По лицу Сони проходит словно облачко. Видно, в институтском пансионе ей внушили и то, что евреи - самые плохие люди на земле. Она, кажется, готова пожалеть о том, что доверилась такой темной личности, как я...
- Поклянись! - просит она.
- Самое, самое, самое честное слово!
Наверное, со стороны мы с Соней выглядим смешно. Стоят две девочки на коленях - в уборной! - и торжественно клянутся!
- Смотри, ты поклялась: никому! - напоминает Соня. - Если здесь, в институте, узнают, что я незаконная... Я повешусь! Вот здесь, в Пингвине, на этом крюке повешусь!
Конечно, мои слова вряд ли произвели на Соню большое впечатление. Да она, бедная, так убивалась, так плакала все время, что едва ли и дошли до нее мои слова. Но все-таки оттого, что она выговорилась, выплакалась передо мной, ей, наверное, стало немного легче.
Соня встает с колен:
- Надо мне идти.
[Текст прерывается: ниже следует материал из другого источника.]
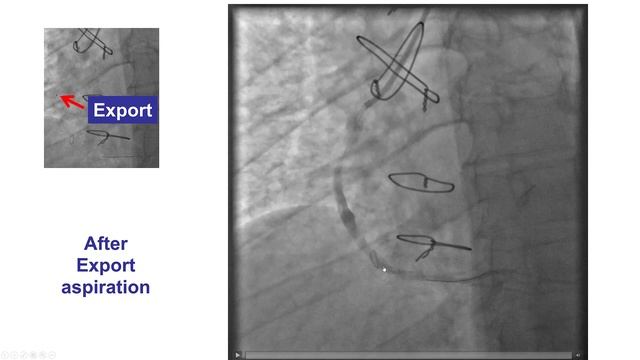 Case 38: PCI Manual: No Reflow During SVG PCI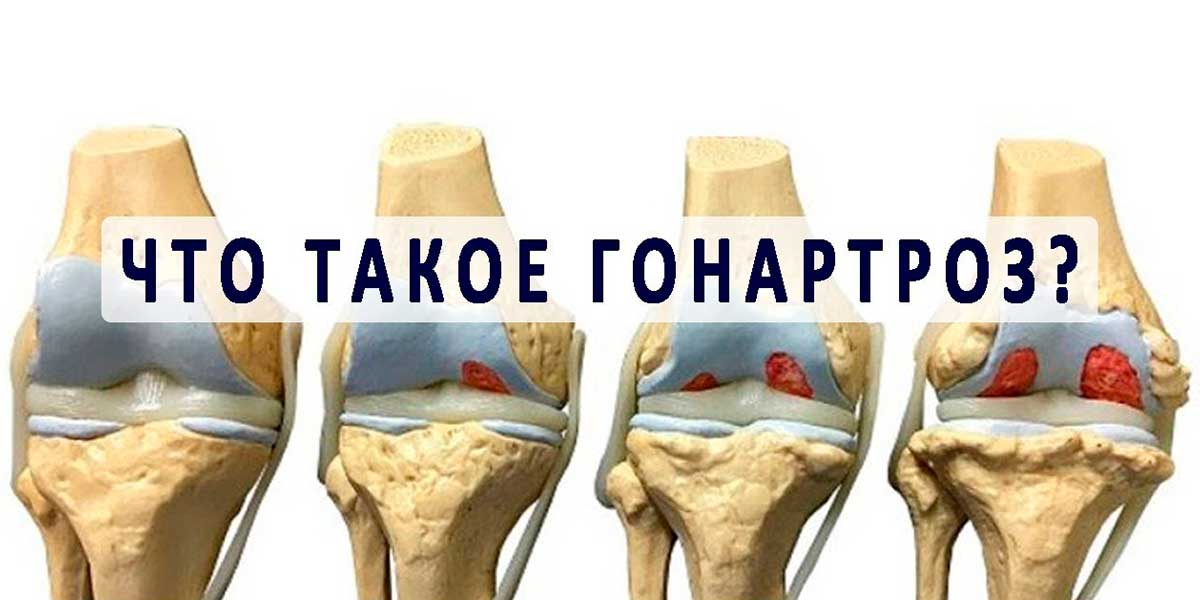 Клиники для лечения артроза коленных суставов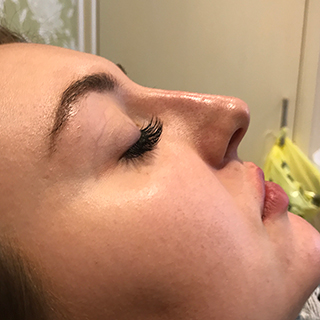 Side view of ladies face and nose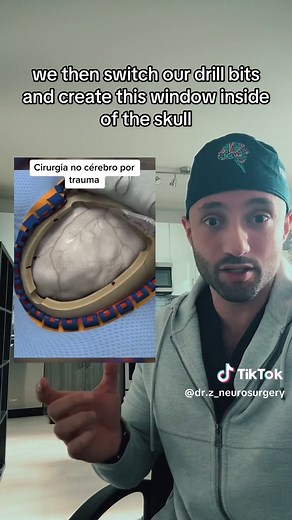 This is how we do brain surgery. 🧠 👨‍⚕️ #medtok #neurosurgery #brainsurgery #doctorexplains #surgery #braintumor #glioblastoma #brainbleedsurvivor #craniotomy #craniotomia #neurocirugia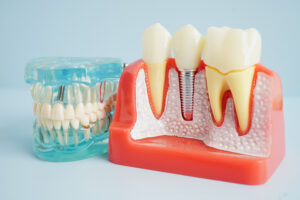 shrewsbury dental implants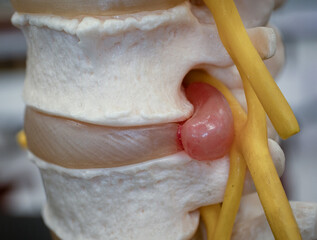 Herniated Disc Compressing Spinal Nerve in Model
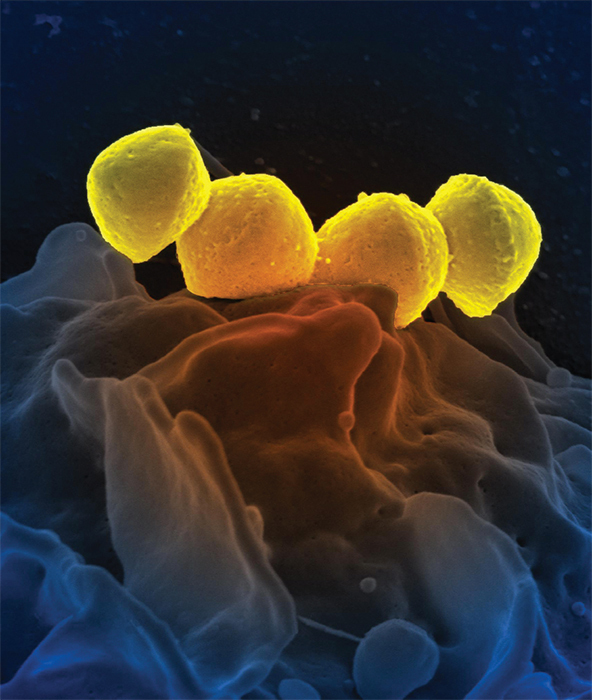 A scanning electron micrograph image of Streptococcus bacteria. Niaid/Flickr
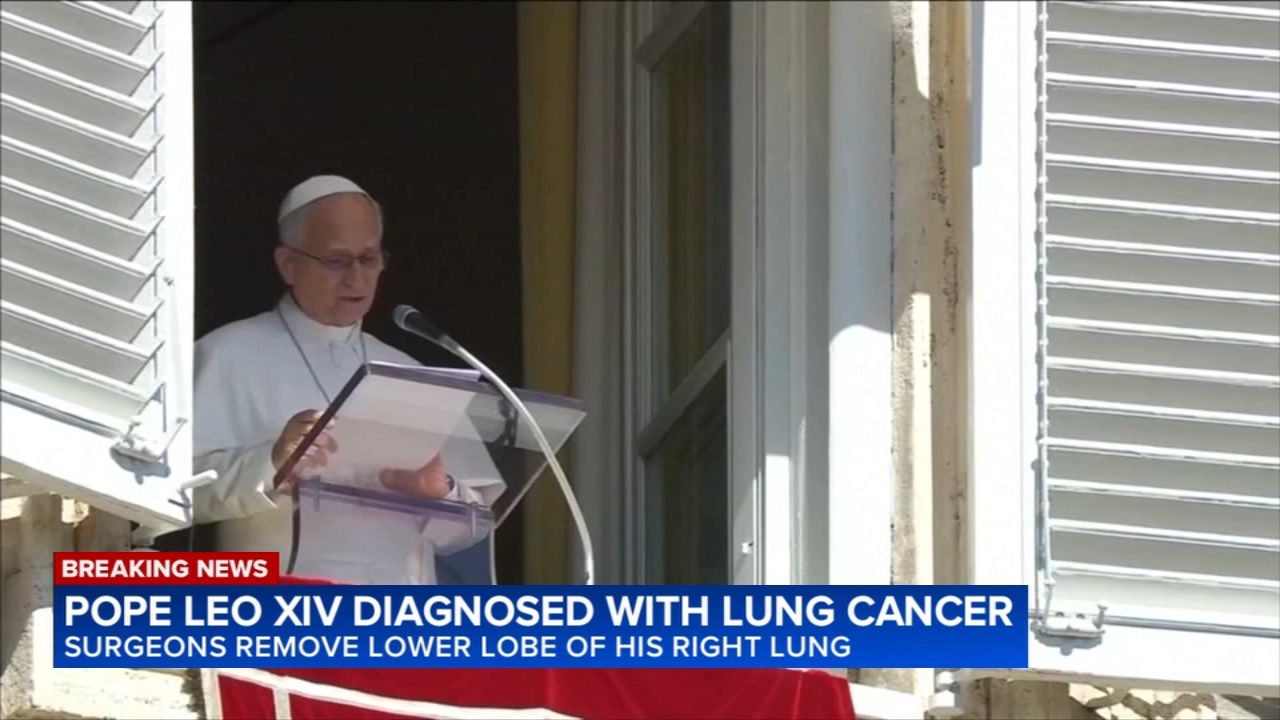 Pope surgery update: Vatican says Pope Leo XIV has lung cancer and the lower lobe of his right lung was removed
Как бы они там не хватились меня... Спасибо тебе! - И она доверчиво кладет руки мне на плечи. - Я тебе завтра скажу, обошлось у меня или нет...
Мы целуемся, и, когда я чувствую прикосновение Сониной щеки, горячей от слез, меня снова пронизывает жалость к ней.
- Соня, не бойся. Умру, а никому, кроме папы, не скажу!..
Выйдя из Пингвина, смотрю на часы: без четверти пять. Я и не заметила, как прошло время.
Иду в класс - досиживать свой срок. Не успеваю сесть за парту, как по коридору приближаются какие-то "громокипящие"
шаги. Кто это? Неужели Гренадина?
Да, это она. Вбегает в класс, очень взволнованная. Даже не взглянув на меня, бросается к своему столику. Быстро выдвигает ящик, убеждается, что все на месте. Поворачивает ключ в замке, кладет его в карман и только тогда успокаивается. Лицо ее проясняется.
- Ключ забыла, - объясняет она мне. - А вы еще здесь?
- Еще пятнадцать минут осталось...
Гренадина кладет руку на мою голову. Проводит рукой по моим волосам:
- Растрепанная какая... Ладно. Ступайте домой. Мама, наверное, беспокоится.
- Маня Фейгель и Катя Кандаурова обещали забежать к нам домой предупредить папу и маму.
- И папа, и мама... - задумчиво говорит Гренадина и добавляет доверчиво: - А у меня только папа. И живет далеко, на Урале. Ехать оттуда сюда или мне к нему невозможно - дорого!..
Гренадина говорит это так дружелюбно! Стою перед нею пень пнем. Стою и думаю, какая она бедняга и какая я подлюга!
Заметив слезы у меня на глазах, Гренадина просит - да, именно просит меня:
- Пожалуйста, не подсказывайте на уроках. Вам это шалости, а мне могут неприятности быть: учитель может пожаловаться, пойдут всякие дразги... Нехорошо, правда?
Я понимаю: теперь начнется новая жизнь! Гренадина не станет больше меня "ненавидеть", но и я ни за что не буду больше подсказывать.
Почти бегу по улице и думаю: "Про Гренадину тоже тайна.
И тоже - никому. Как про Соню Павлихину... И откуда на свете столько тайн?"
По дороге замедляю бег около казенной винной лавки.
В просторечии их называют "монопольками". Никакого вина там не продают, только водку. "Монополька" - чистенькая, опрятная. Продавщица, или, как Соня называет, "сиделица", - немолодая женщина с усталым лицом. Я думаю о Сониной маме.
- Папа! - - говорю я вечером, когда он, очень усталый (провел полдня около трудной больной, только сейчас возвратился домой), присаживается около моей кровати для "последнего разговора". - Папа, что такое незаконнорожденные дети?
- Здрасте! Очень приятно... - отвечает папа так, словно он встретился с кем-то очень неприятным. - Здрасте! Давно не видались...
- Нет, ты скажи! Что такое незаконнорожденные дети? Ты это знаешь?
- Я-то знаю. А вот где ты это подхватила?
- Этого я тебе сказать не могу: я дала самое честное слово!
- Гм... Очень глупое выражение, самое честное слово! Если слово не самое честное, значит, оно и не очень уж честное! Честность, братец ты мой, не мороженое, чтобы ее отпускать на копейку, на две или на целый пятак.
Дело плохо! Когда я почему-то оказываюсь "братец ты мой" или еще хуже: "милостивые мои государи!", значит, папа сердится.
Я спешу перевести беседу в другое русло:
- Папа, ты же мне все-таки не сказал, что такое незаконнорожденные дети?